Alle caratteristiche della situazione concreta è possibile accedere solo attraverso l’osservazione. Si tratta in sostanza della corposa componente della motivazione “in fatto” non meno decisiva e centrale di quella “in diritto”. Il canale di immissione delle conoscenze empiriche nella trama argomentativa delle sentenze è la valutazione delle prove e in particolare i criteri adottati per operare detta valutazione, non di rado costituiti da generalizzazioni tratte dall’esperienza.
Nel caso della valutazione della prova indiziaria, poi, potranno risultare disattesi gli stessi equilibri posti dalla legge per la sua valutazione specialmente dove venga a mancare il carattere di gravità ossia l’atto di fondatezza delle massime di esperienza utilizzate per le relative inferenze. A testimoniare una tale lacuna nella formazione del giurista potrebbe bastare la lettura di certe sentenze. Si è soliti distinguere tra massime di esperienza e mere congetture, proprio in base alla considerazione che solo nelle prime e non anche nelle seconde i dati pertinenti sono stati sottoposti a verifica empirica.
Le discrasie tra dottrina e giurisprudenza penali
La giurisprudenza viene innanzitutto tacciata dalla dottrina di un’eccessiva tendenza a tagliar corto su importanti distinguo dogmatici, esautorando gli studiosi del diritto penale di un ruolo giocato proprio sul filo di tali sottili differenze. Soprattutto al mondo giudiziario, il versante scientifico imputa una inclinazione a comprimere con eccessiva disinvoltura le garanzie e ciò in vista di un’esigenza primaria di tutela dei beni giuridici.

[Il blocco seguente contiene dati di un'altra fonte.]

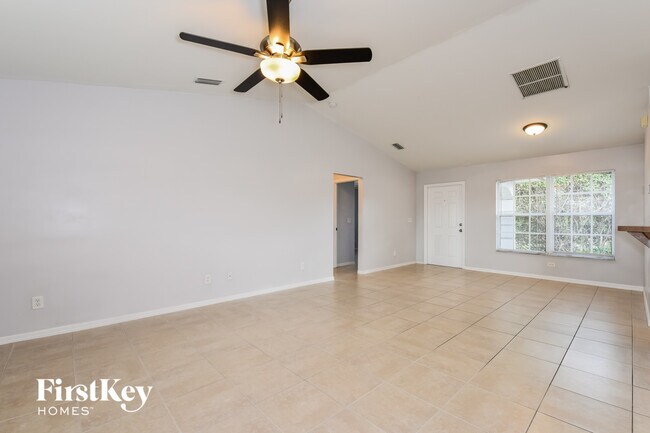 Photo - 3003 31st St W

Ai fini del superamento della incomunicabilità tra teoria e prassi si suggeriva soprattutto un sollecito adeguamento del sistema positivo al quadro costituzionale attraverso un lavoro di riforma. Molte delle ragioni di incomprensione tra dottrina e giurisprudenza sono da addebitare più al legislatore che a una cattiva volontà dei due versanti.
Viene anche in rilievo la preoccupazione della giurisprudenza di soddisfare anche le esigenze di semplificazione probatoria. Apertura all’empiria per il penalista può voler dire scoperchiare e mettere il naso nella pentola del come e perché il magistrato perviene alle sue scelte in quanto condizionato e fuorviato da una fatale inattualità del diritto positivo rispetto al diverso significato empirico-sociale e culturale che i fenomeni criminali sono venuti assumendo dopo che il legislatore ha operato le sue scelte normative.
Le sofferenze applicative vissute dalla giurisprudenza sono da ricondurre almeno in parte a un’artificialità dei dati testuali.